私の好きな言葉の一つに、「見て、見つめて、見極める」というものがあります。

この言葉は、同じ「見る」という行為でも、ただ見ることから、
深く読み解くことまで幅があることを私たちに教えてくれます。

さて、今日は、自治体が提供する防災用のウェブサイトについて考察したいと思います。

こうしたサイトでは、災害の危険性が高まった時には、
「最新の気象情報を見ましょう」と記述されていることが多いです。

自治体の防災情報サイトを検索してみますと、表現は少しずつ異なりますが、
同じ主旨のことが多くの自治体で述べられています。

テレビ、ラジオなどで、最新の気象情報・災害情報を確認しましょう。」(弘前市 
ラジオ,テレビ,インターネットなどで最新の気象情報を確認しましょう。」(常陸太田市 
「テレビやインターネットなどで、常に最新の気象情報を入手しましょう。
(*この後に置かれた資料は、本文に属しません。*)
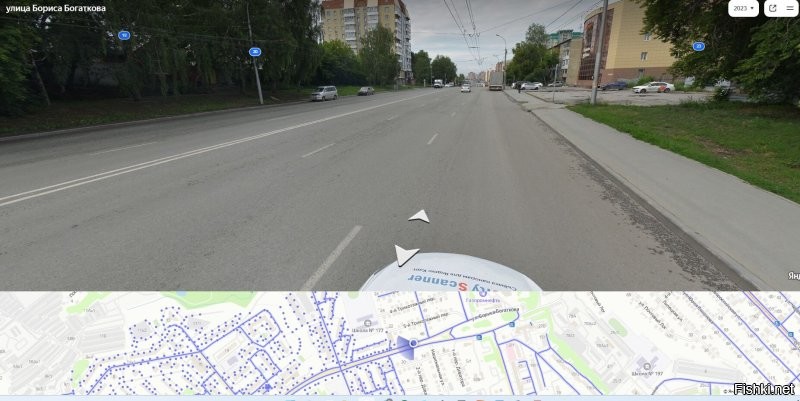 Я в Новосибирске не был ни разу. По Вашему совету рандомно ткнул в панорамах. Ну что сказать, 2-я Станционная далеко не автобан, конечно. Но у Вас довольно своеобразное понятие дорог после бомбёжки. Улицы и год съёмки видно на скринах.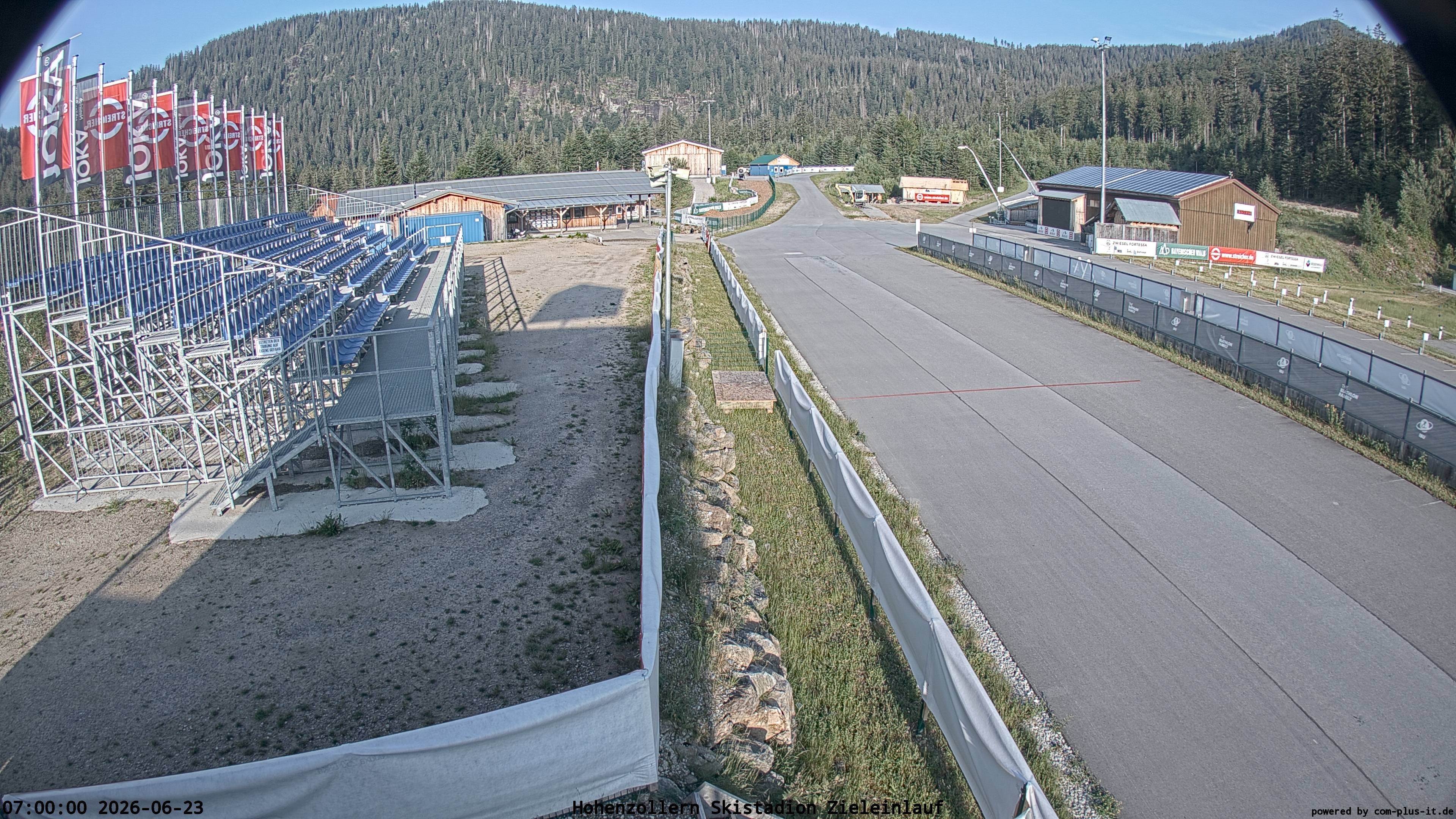 Archiv Foto Webcam Hohenzollern Biathlonstadion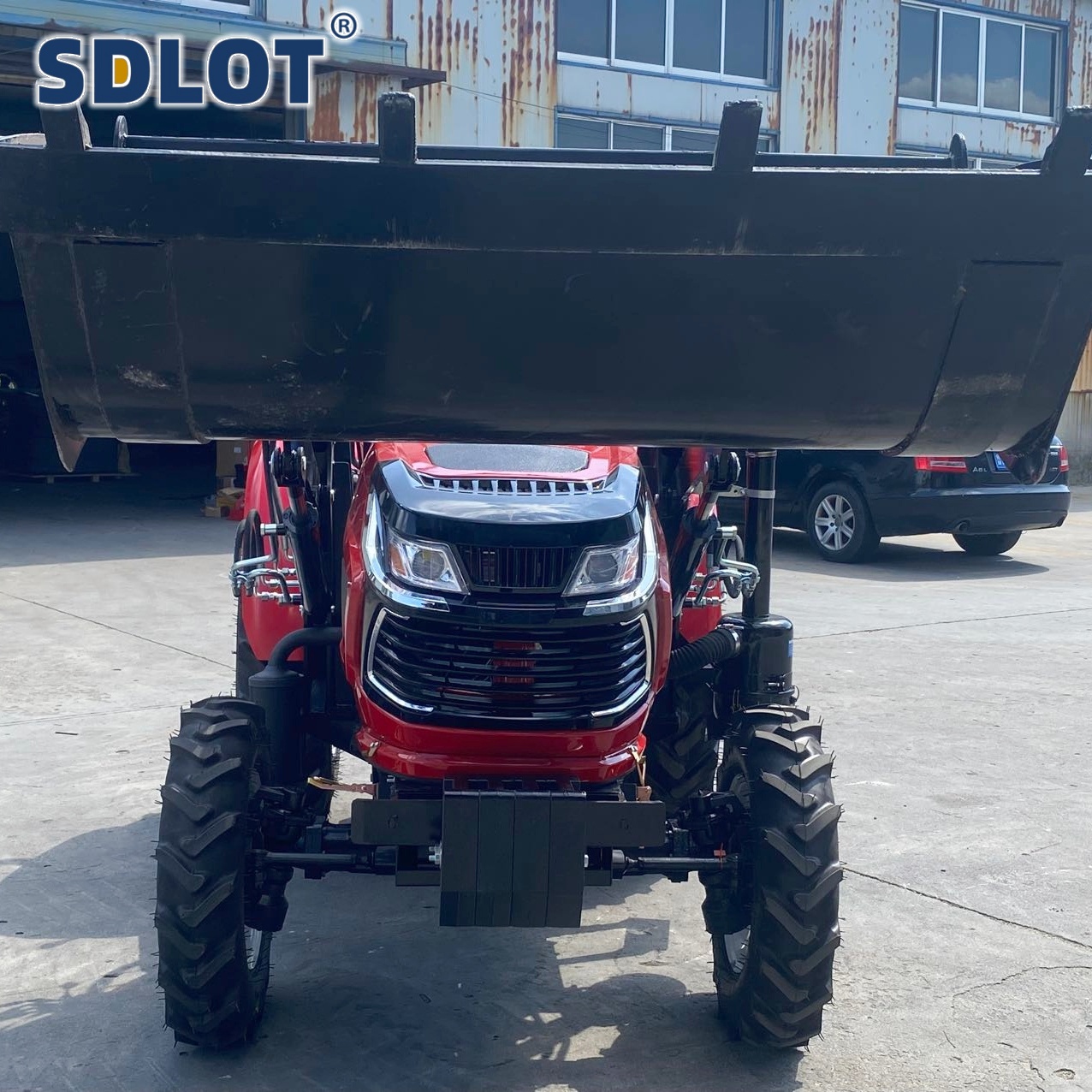 50 PS Diesel-Traktor 4WD mit F – Agriculture Farming Services Bewertung und Preis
」(みよし市  
「浸水の被害を受けやすい地域にお住まいの方は、テレビ・ラジオ・インターネットなどによる最新の気象情報を確認しましょう。」(碧南市 
「週間天気予報等で今後の気象情報を早めに確認しておくことを心掛け、注意報や警報が発令された場合には、テレビやラジオで最新の気象情報を入手しましょう。さらに、パソコンや携帯電話・スマートフォン等でインターネットを使用できる環境にある場合は、気象庁ホームページ等でレーダーなどの様々な情報が入手できますので、下記リンク等を活用し、災害への備えに役立てましょう。」(日田市
このような表現は、ウェブサイト以外にも、自治体が発行する
防災啓発冊子などでもよく見られると思います。

さて、ここで、冒頭に紹介した「見る、見つめる、見極める」の話に戻りたいと思います。

上記で例として挙げた5つの市に限らず、自治体から住民への呼びかけには
「最新の情報を見てください」という意味で「見る」レベルの言及があります。

一方で、見たものをどう利用したらよいのかという「見極める」というレベルで
情報提供がなされることは非常にまれと言ってよいのではないでしょうか。

「見極める」という表現が気象情報の利用の文脈の中で少し分かりづらいかもしれません。
これを言い換えますと、「気象情報から地域にとっての危険性を読み解く」ということに他なりません。

気象情報の使われ方について、実践や理論的な研究を進めてきた私の目から見て、
この、「見極める」という部分にはまだまだ改善の余地があると感じています。

「見る」と「見極める」という対比をもとに議論していましたが、
最後に、日本の災害情報研究の分野で活躍されている静岡大学の牛山素行教授の
ブログ記事をご紹介したいと思います(下線は渡邉が補記したものです)。
 「最近は災害が激化して,これまでのやり方では対応できない」といった声を聞くが,筆者には違和感がある.短時間の豪雨の回数などが増加している傾向はあるが,一方で,防災のための情報や制度,それらを伝える通信システムなどは短期間に飛躍的に充実した.むしろ,充実した情報を,我々人間の側が十分使いこなせていないことが課題ではなかろうか.我々には,防災のためにできることがまだまだある.
「十分使いこなせていない」ことの背景には、使いこなす方法に関する情報提供が
おろそかにされてきたことがあるのではないかと私自身は思います。

気象情報を使いこなすことは、即ち、気象関係の情報をただ「見る」のではなく、
「見極める(気象情報から地域にとっての危険性を読み解く)」状態にまでなることではないでしょうか。

この点について、今後のブログ記事でも考察を加えて行きたいと思っています。